The scanning electron microscope is not only used for precisely surveying the surface topology of samples, but also for determining their chemical compositions. This is done by exciting the atoms to fluoresce under irradiation by an electron beam while scanning the sample. This secondary emission provides information about the location and type of element, insofar as the analysis is sufficiently precise. However, the lighter elements of the periodic table such as lithium, beryllium, boron, carbon, and nitrogen emit secondary fluorescence in an energy range that cannot be sufficiently well resolved by energy dispersive spectrometers (EDS).
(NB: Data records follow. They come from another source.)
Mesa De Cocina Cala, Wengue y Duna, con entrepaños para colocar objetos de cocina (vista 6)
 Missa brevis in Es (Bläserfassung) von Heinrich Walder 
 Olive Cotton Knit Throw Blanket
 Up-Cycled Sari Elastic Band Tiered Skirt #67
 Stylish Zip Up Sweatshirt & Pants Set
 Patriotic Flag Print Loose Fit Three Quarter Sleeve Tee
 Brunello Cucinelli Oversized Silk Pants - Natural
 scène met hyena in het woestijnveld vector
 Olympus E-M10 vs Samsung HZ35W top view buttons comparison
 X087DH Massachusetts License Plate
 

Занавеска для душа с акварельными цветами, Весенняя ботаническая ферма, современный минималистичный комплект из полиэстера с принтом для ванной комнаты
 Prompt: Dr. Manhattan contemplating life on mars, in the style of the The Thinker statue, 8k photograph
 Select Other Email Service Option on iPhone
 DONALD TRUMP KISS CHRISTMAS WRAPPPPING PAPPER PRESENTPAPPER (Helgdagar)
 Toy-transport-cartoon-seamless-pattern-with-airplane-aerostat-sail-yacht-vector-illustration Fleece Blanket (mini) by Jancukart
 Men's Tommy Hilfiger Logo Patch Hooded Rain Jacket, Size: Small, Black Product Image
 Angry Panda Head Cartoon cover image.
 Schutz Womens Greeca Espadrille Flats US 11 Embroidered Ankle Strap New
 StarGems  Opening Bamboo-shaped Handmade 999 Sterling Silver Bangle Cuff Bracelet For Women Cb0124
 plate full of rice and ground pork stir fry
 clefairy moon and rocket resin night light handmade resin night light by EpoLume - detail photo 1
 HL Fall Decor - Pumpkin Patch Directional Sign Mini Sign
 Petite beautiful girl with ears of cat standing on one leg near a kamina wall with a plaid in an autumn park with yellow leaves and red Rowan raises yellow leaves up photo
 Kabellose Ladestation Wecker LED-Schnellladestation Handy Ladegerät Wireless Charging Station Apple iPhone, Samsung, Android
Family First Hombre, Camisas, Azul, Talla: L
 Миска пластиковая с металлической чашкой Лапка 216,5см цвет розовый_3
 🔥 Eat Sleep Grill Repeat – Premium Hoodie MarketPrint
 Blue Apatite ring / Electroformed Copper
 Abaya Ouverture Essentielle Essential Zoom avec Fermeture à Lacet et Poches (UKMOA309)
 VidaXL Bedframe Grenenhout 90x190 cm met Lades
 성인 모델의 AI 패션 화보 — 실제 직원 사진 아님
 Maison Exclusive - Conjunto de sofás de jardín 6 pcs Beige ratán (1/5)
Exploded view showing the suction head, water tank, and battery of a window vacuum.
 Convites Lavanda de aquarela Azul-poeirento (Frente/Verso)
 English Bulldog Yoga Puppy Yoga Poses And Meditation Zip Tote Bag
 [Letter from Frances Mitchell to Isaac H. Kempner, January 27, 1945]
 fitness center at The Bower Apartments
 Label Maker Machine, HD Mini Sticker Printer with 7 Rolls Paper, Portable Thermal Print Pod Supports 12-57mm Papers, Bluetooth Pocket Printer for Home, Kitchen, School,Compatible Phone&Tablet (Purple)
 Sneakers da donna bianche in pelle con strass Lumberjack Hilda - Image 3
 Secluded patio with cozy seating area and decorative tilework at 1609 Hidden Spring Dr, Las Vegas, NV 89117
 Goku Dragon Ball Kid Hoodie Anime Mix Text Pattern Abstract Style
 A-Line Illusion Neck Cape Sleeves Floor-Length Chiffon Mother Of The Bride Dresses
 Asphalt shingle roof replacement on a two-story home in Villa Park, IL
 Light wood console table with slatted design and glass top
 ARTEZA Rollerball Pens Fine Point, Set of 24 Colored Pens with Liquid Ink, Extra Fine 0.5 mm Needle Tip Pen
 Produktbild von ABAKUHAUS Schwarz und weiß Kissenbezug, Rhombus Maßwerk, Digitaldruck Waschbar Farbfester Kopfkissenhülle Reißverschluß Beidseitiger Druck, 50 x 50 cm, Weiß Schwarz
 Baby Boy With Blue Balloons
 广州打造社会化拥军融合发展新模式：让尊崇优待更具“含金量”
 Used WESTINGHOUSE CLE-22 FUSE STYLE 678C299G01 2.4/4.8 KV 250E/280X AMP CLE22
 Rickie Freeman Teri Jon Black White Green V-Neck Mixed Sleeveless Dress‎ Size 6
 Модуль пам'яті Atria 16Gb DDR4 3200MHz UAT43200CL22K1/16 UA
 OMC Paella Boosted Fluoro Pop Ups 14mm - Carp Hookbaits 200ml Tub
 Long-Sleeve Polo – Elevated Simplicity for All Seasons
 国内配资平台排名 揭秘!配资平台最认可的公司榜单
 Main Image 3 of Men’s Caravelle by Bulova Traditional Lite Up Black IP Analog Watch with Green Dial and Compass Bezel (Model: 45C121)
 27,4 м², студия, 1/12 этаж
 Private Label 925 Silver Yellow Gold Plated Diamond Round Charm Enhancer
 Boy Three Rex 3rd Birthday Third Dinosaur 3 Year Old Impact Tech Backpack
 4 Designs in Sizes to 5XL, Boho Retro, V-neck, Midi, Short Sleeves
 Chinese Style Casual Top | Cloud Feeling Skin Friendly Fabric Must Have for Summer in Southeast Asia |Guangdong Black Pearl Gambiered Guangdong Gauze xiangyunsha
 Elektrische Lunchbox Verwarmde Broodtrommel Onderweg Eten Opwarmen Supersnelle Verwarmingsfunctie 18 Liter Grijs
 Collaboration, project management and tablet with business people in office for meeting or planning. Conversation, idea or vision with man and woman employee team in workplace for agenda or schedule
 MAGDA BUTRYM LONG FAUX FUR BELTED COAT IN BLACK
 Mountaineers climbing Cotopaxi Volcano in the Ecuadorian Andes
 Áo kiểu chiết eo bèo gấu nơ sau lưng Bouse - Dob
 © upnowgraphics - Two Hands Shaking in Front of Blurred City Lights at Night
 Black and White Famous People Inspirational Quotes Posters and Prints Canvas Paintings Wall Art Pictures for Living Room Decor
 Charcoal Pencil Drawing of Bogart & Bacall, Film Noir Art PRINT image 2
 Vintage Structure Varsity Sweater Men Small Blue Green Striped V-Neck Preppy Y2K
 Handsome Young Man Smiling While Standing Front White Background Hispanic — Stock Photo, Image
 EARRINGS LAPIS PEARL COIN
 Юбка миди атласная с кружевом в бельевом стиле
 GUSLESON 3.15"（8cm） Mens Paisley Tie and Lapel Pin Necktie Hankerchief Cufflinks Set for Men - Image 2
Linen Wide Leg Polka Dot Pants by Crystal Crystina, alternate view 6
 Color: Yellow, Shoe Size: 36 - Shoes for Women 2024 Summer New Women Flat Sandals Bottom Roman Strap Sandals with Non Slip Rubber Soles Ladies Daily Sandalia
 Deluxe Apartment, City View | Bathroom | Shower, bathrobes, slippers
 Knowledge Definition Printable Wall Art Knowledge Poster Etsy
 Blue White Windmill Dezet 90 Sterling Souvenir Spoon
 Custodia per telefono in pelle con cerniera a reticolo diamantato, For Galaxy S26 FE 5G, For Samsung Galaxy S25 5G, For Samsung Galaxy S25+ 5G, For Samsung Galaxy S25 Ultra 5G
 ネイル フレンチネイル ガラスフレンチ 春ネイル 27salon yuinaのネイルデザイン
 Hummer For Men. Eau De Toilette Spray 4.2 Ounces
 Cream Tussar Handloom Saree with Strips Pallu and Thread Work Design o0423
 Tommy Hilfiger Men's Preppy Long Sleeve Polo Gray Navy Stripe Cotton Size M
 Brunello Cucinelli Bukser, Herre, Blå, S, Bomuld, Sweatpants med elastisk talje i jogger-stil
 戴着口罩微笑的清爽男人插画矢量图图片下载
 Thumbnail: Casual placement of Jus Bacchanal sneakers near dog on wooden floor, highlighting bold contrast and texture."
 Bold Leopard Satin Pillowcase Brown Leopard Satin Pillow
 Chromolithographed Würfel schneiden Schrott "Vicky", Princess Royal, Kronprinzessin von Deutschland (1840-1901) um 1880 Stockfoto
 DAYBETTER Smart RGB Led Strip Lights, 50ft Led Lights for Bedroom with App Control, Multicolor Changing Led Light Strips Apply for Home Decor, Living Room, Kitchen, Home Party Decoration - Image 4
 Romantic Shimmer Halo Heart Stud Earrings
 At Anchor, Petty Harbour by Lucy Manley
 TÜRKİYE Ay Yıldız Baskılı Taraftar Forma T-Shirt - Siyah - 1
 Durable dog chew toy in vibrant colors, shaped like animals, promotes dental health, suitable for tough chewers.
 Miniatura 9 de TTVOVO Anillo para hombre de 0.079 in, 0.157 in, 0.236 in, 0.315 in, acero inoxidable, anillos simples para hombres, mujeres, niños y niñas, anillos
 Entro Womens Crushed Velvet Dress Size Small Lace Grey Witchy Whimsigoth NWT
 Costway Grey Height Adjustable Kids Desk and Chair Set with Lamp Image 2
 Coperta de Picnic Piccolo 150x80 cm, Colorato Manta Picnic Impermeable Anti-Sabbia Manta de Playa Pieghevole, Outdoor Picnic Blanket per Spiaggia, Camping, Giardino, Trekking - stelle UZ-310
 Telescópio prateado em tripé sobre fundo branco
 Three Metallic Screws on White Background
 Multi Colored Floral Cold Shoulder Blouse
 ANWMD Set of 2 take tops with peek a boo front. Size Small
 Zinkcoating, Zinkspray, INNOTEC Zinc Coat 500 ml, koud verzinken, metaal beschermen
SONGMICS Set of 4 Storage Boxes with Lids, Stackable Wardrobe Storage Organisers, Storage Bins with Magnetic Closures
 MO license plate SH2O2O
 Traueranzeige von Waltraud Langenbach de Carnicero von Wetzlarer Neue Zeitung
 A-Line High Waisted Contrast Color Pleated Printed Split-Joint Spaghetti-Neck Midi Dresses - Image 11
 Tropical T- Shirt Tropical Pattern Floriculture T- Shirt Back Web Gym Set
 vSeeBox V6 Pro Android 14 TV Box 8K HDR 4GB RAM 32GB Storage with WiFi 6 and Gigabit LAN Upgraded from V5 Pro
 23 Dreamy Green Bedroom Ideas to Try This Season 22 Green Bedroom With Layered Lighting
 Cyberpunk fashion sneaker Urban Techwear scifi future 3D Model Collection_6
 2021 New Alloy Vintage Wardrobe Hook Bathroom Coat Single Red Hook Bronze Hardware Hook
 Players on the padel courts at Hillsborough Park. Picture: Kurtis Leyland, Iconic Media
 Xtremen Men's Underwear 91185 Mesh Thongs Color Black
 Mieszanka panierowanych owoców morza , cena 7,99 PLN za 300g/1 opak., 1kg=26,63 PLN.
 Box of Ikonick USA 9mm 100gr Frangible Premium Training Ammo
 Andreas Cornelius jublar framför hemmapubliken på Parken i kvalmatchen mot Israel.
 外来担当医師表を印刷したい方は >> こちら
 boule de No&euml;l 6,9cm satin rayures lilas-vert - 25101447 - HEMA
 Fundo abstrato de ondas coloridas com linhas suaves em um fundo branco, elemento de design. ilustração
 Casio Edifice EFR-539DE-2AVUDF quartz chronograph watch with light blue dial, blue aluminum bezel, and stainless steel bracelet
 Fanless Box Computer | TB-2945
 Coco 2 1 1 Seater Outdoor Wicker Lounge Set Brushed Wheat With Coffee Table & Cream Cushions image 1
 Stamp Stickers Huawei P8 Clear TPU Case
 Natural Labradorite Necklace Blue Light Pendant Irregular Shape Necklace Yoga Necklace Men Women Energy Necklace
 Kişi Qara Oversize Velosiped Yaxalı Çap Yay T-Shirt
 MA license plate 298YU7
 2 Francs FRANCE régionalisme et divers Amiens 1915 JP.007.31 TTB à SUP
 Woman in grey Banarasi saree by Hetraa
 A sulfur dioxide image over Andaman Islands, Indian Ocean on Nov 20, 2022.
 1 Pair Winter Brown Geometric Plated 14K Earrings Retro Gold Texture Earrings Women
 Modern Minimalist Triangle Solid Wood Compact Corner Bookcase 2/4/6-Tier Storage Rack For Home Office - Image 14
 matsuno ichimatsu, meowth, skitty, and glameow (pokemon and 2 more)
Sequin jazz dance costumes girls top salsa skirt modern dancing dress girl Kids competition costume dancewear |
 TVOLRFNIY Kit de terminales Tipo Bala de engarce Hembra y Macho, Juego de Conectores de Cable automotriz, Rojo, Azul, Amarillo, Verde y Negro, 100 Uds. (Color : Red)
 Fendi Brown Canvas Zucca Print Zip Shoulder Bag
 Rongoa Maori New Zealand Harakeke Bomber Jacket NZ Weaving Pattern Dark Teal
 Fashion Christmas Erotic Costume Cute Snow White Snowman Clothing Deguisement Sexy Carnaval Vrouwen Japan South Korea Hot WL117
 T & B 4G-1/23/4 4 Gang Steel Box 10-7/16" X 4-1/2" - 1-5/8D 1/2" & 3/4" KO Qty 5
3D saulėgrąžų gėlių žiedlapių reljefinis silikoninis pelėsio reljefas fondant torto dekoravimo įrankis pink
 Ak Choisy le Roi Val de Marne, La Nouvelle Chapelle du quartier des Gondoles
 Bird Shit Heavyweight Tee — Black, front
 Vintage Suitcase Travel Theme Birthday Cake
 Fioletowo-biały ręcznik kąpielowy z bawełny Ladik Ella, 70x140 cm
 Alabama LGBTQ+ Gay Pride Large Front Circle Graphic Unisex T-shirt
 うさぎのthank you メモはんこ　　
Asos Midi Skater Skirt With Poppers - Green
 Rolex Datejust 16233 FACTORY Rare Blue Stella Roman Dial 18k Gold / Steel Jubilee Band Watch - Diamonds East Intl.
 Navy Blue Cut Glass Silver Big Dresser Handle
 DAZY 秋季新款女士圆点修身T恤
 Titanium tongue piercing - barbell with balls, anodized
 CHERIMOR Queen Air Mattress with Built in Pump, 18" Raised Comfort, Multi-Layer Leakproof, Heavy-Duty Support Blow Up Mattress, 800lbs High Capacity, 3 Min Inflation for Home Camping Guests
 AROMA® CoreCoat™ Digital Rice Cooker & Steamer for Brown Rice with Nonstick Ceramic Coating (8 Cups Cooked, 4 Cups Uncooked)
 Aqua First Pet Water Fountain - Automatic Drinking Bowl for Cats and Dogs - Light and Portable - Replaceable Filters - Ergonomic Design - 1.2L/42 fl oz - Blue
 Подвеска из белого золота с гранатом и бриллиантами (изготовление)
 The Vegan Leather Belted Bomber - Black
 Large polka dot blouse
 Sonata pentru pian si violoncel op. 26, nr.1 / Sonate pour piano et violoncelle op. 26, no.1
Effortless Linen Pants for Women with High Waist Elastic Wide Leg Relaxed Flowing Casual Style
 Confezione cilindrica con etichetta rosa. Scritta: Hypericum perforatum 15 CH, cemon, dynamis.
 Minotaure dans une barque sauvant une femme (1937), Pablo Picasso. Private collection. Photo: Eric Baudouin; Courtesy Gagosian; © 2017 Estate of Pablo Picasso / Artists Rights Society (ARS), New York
A solution to this problem has now been developed at HZB. Prof. Alexei Erko, head of HZB’s Institute for Nanometre Optics and Technology, has previously designed and patented innovative optics using what is known as reflection zone plates. They are employed in synchrotron sources like BESSY II for analysing soft X-ray radiation. This optics, consisting of several thousand concentric or elliptical structures, do not refract the radiation the way a glass lens does, but instead diffract them so that interference occurs.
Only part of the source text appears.